__MATERIAL FOR THE TASK__
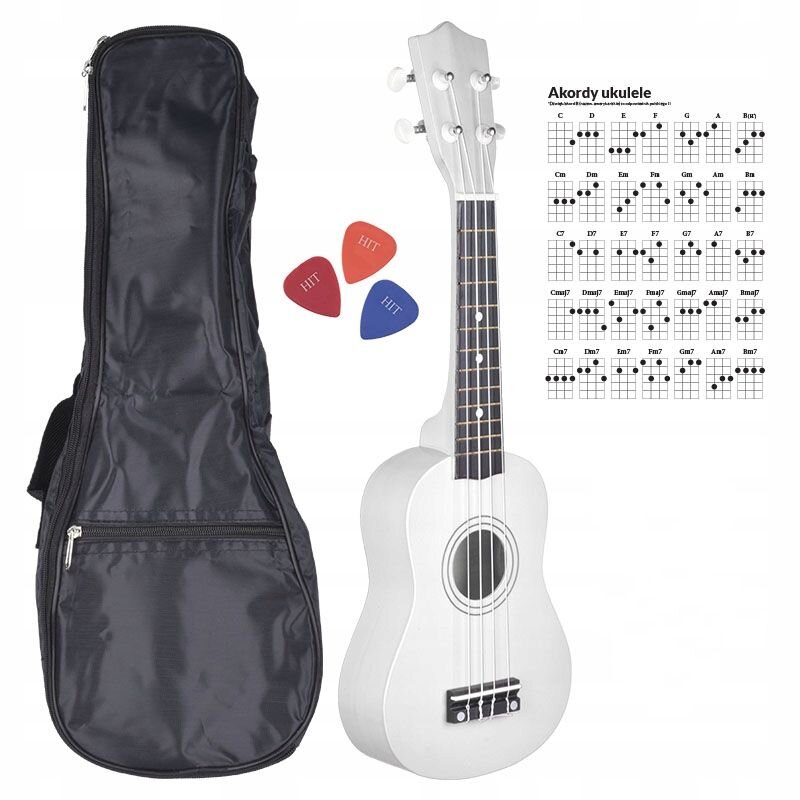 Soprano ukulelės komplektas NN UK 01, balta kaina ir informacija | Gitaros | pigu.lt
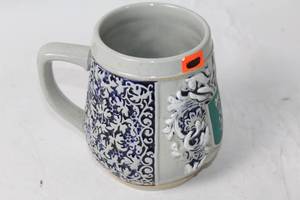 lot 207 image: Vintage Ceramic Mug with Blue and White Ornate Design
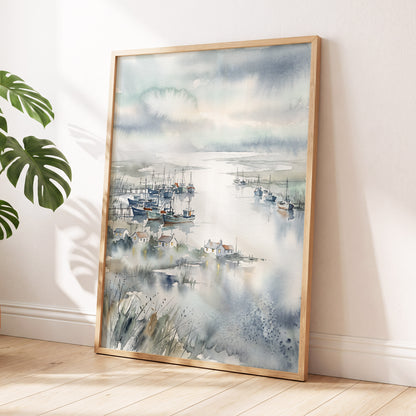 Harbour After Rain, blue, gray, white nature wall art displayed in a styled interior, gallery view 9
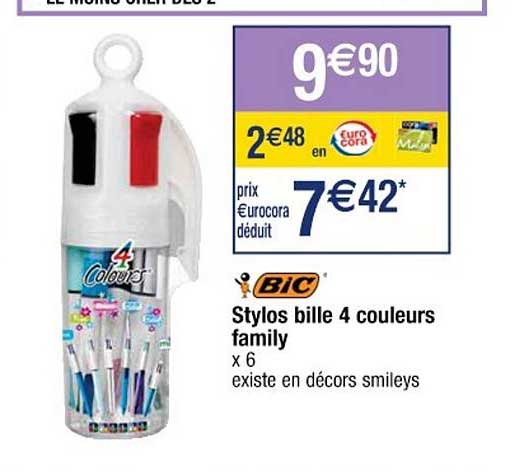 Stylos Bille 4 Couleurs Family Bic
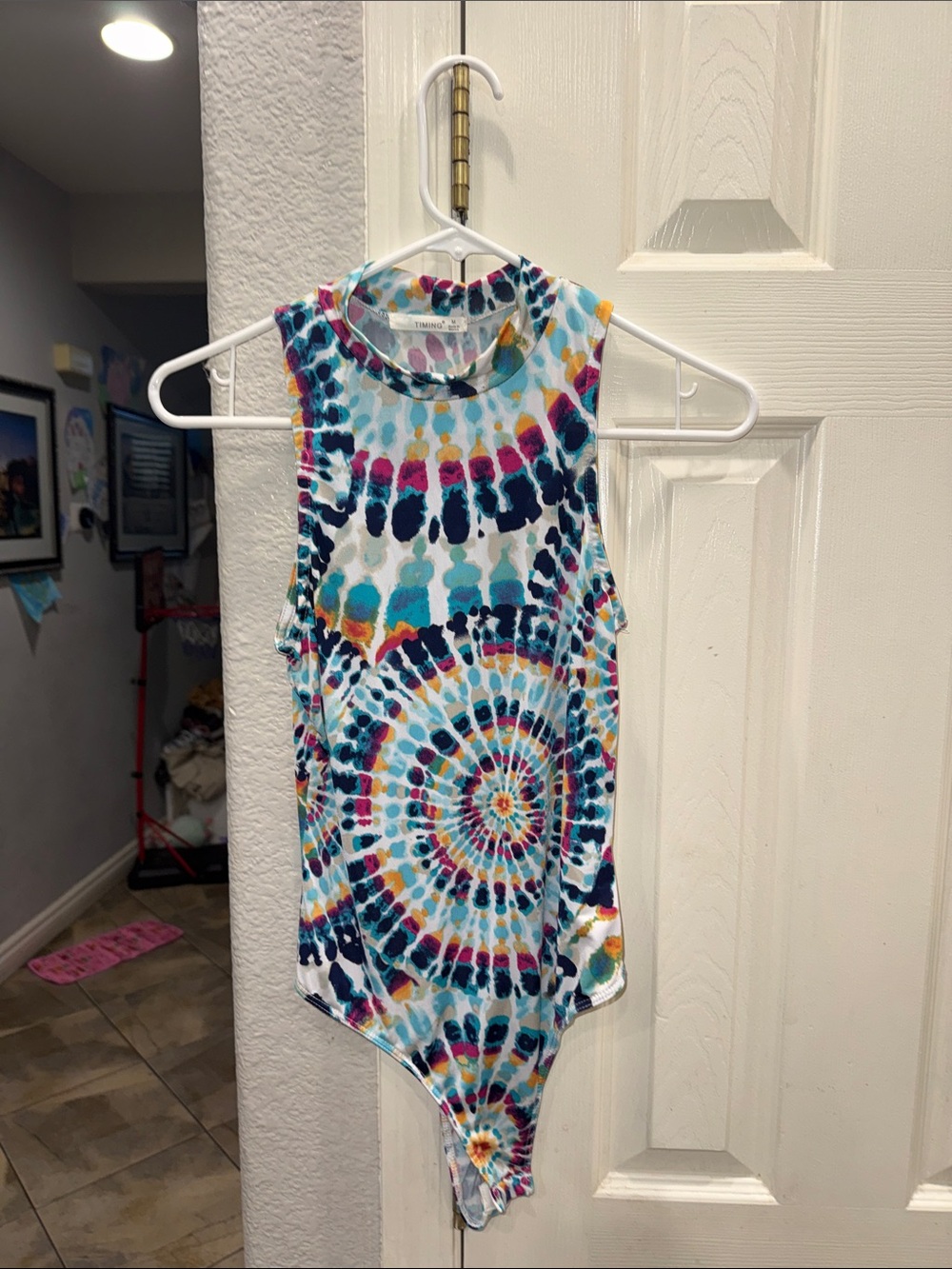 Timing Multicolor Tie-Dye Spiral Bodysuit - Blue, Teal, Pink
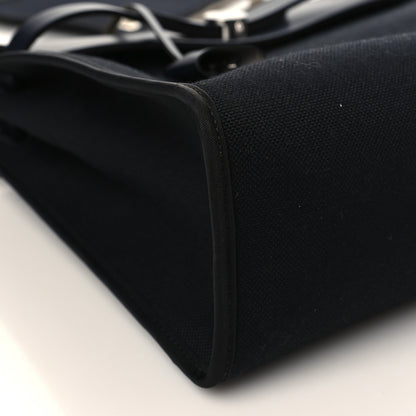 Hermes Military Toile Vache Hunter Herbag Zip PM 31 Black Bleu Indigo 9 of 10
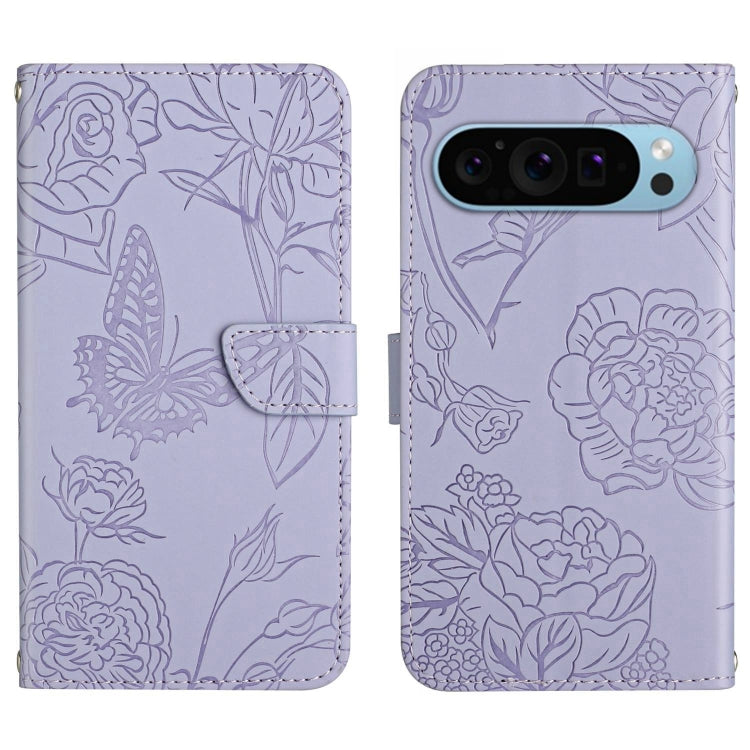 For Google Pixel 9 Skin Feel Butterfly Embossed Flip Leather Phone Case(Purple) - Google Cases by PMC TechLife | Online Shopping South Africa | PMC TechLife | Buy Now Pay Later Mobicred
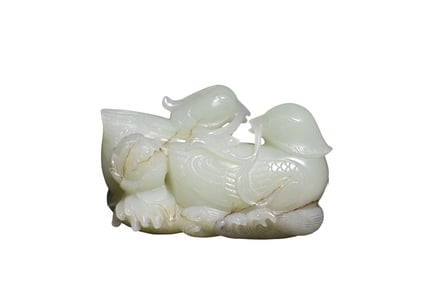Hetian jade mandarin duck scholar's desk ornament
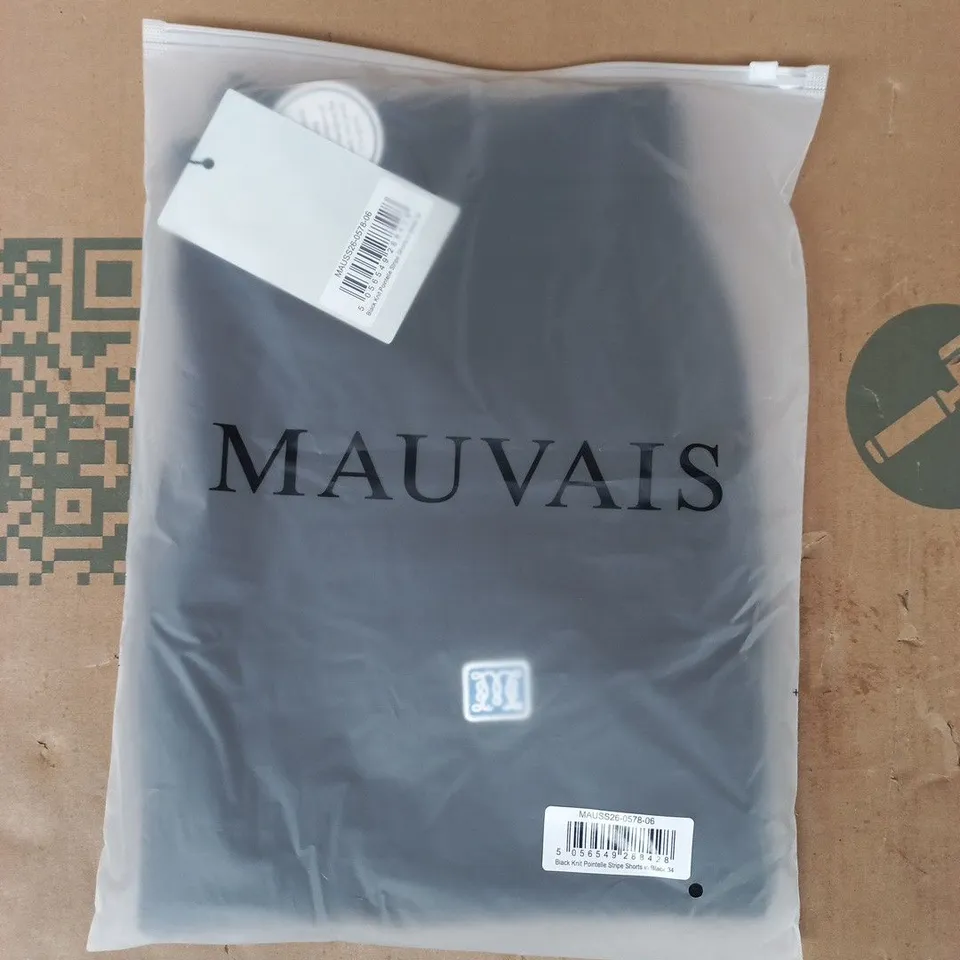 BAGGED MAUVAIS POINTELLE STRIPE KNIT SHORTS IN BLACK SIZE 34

__WHAT YOU SHOULD DO__
Your answer must be an exact transcription of the records above, minus the pictures.

__ANSWER TO THIS TASK__
 Soprano ukulelės komplektas NN UK 01, balta kaina ir informacija | Gitaros | pigu.lt
 lot 207 image: Vintage Ceramic Mug with Blue and White Ornate Design
 Harbour After Rain, blue, gray, white nature wall art displayed in a styled interior, gallery view 9
 Stylos Bille 4 Couleurs Family Bic
 Timing Multicolor Tie-Dye Spiral Bodysuit - Blue, Teal, Pink
 Hermes Military Toile Vache Hunter Herbag Zip PM 31 Black Bleu Indigo 9 of 10
 For Google Pixel 9 Skin Feel Butterfly Embossed Flip Leather Phone Case(Purple) - Google Cases by PMC TechLife | Online Shopping South Africa | PMC TechLife | Buy Now Pay Later Mobicred
Hetian jade mandarin duck scholar's desk ornament
 BAGGED MAUVAIS POINTELLE STRIPE KNIT SHORTS IN BLACK SIZE 34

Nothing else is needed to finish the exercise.